Tier 1 Take the two-minute average of sale (trade) prices, weighted by volume where available, from 8:58 to 9:00 a.m. Central time on the day of determination of the CME currency fixing price.

Tier 2 If no sales (trades) occurred during the two-minute interval noted above, take the midpoint of each bid & ask spread where available and average the resulting midpoints over the two-minute interval.  However, when looking at each bid / ask spread, if it is wider than a specified number of points (inputted variable, e.g., 3 points for Euro and Japanese yen, 4 points for British pound, etc.), then ignore that average bid & ask pair in the calculation.

Tier 3 If no sales (trades) and no bid and ask prices occurred during the two-minute interval, then take the five-minute average of sale (trade) prices, weighted by volume where available, from 8:55 to 9:00 a.m. Central time.

Tier 4 If no sales (trades) occurred during the five-minute interval noted above, take the midpoint of each bid & ask spread where available and average the resulting midpoints over the five-minute interval.  However, when looking at each bid / ask spread, if it is wider than a specified number of points (inputted variable, e.g., 3 points for Euro and Japanese yen, 4 points for British pound, etc.), then ignore that average bid & ask pair in the calculation.
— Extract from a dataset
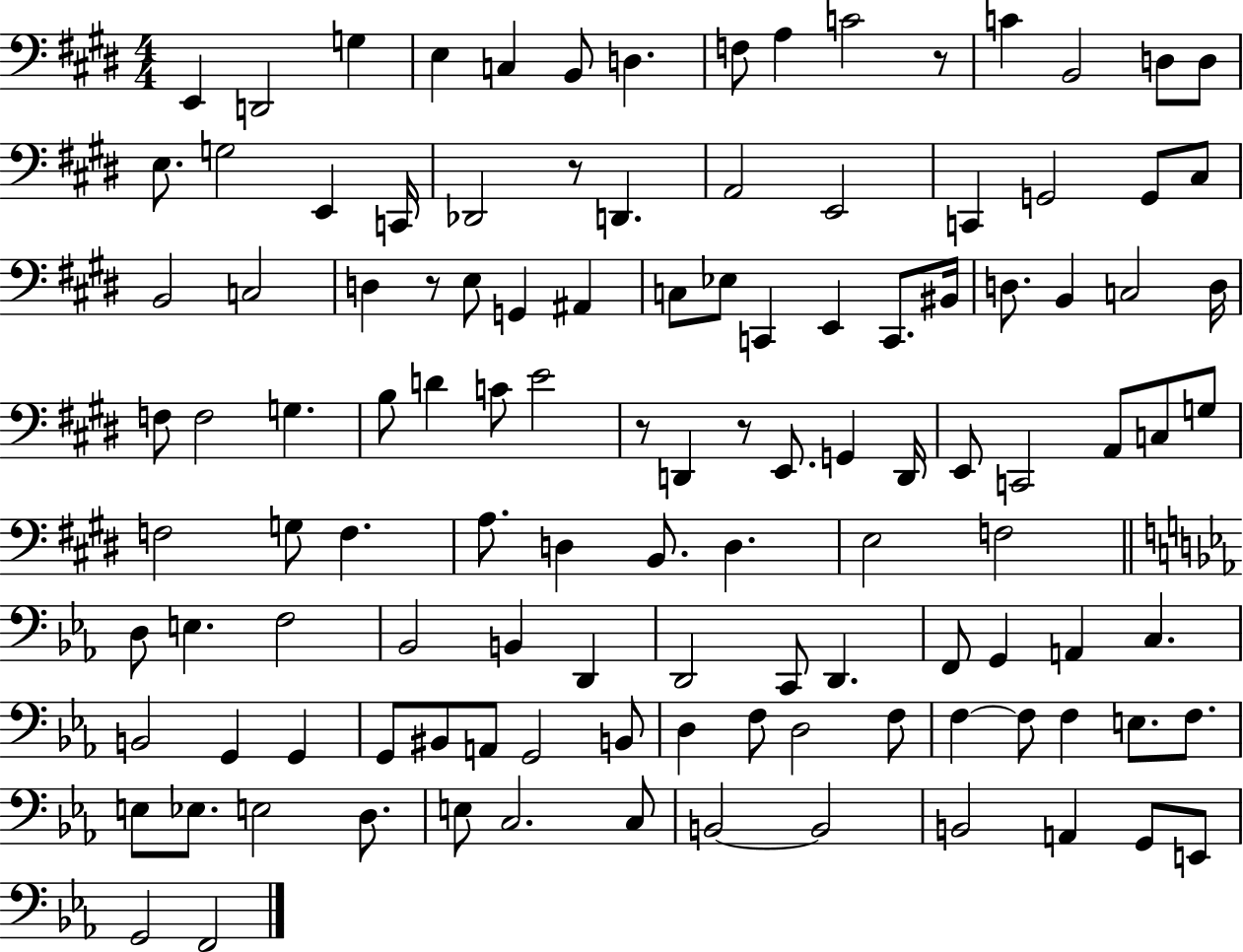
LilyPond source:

Tier 5 If no sales (trades) and no bid and ask prices occurred during the five-minute interval, then Exchange staff shall take into consideration any other information it deems appropriate to determine the CME currency fixing price for that day.  This information may include, but is not limited to the following, and the procedures to determine the information may be performed in any order by Exchange staff: (1) repeat the steps described in Tiers 3 or 4 at ever increasing five-minute increments (e.g., intervals of 10, 15, 20, etc. minutes) until data is obtained; (2) derive synthetic futures prices from quote vendor spot rates and appropriate maturity forward points; and (3) set the CME currency fixing price using any other information or method deemed appropriate.
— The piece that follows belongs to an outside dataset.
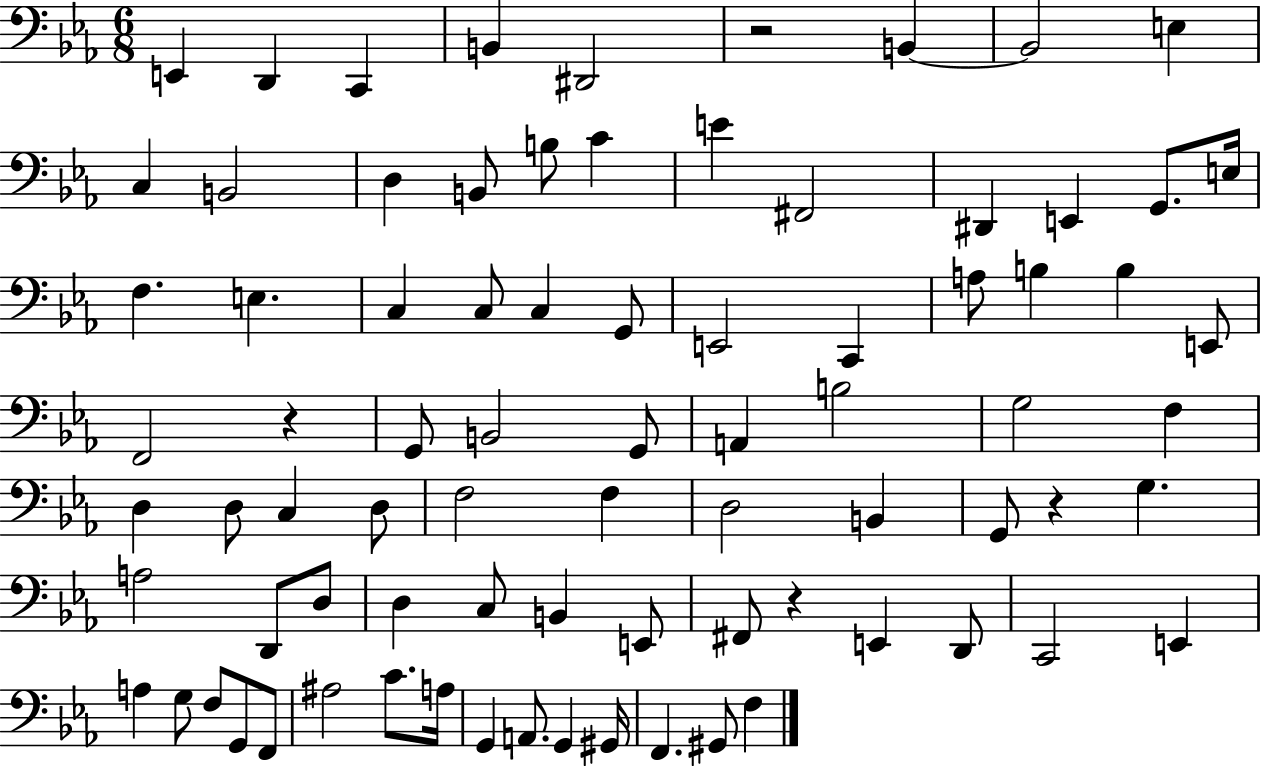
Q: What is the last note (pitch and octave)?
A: F3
Knowledge of the forced exercise of all in-the-money options combined with automatic forced abandonment of all at- and out-of-the-money options enable the Clearing House, clearing firms and their customers to predict shortly after 9:00 a.m. Central time on Friday, which expiring FX options positions will be assigned futures positions.  Therefore, customers/clearing firms will know to hedge or trade out of the newly assigned futures positions at a time when the futures and OTC markets are open and trading.  Since the OTC FX options market also values its expiring options at 9:00 a.m. Central time each day, OTC market participants can look at their combined OTC options, futures and European-style futures options books at the same time and make appropriate trading decisions.  This compatibility makes CME European-style FX options appealing to OTC FX options traders.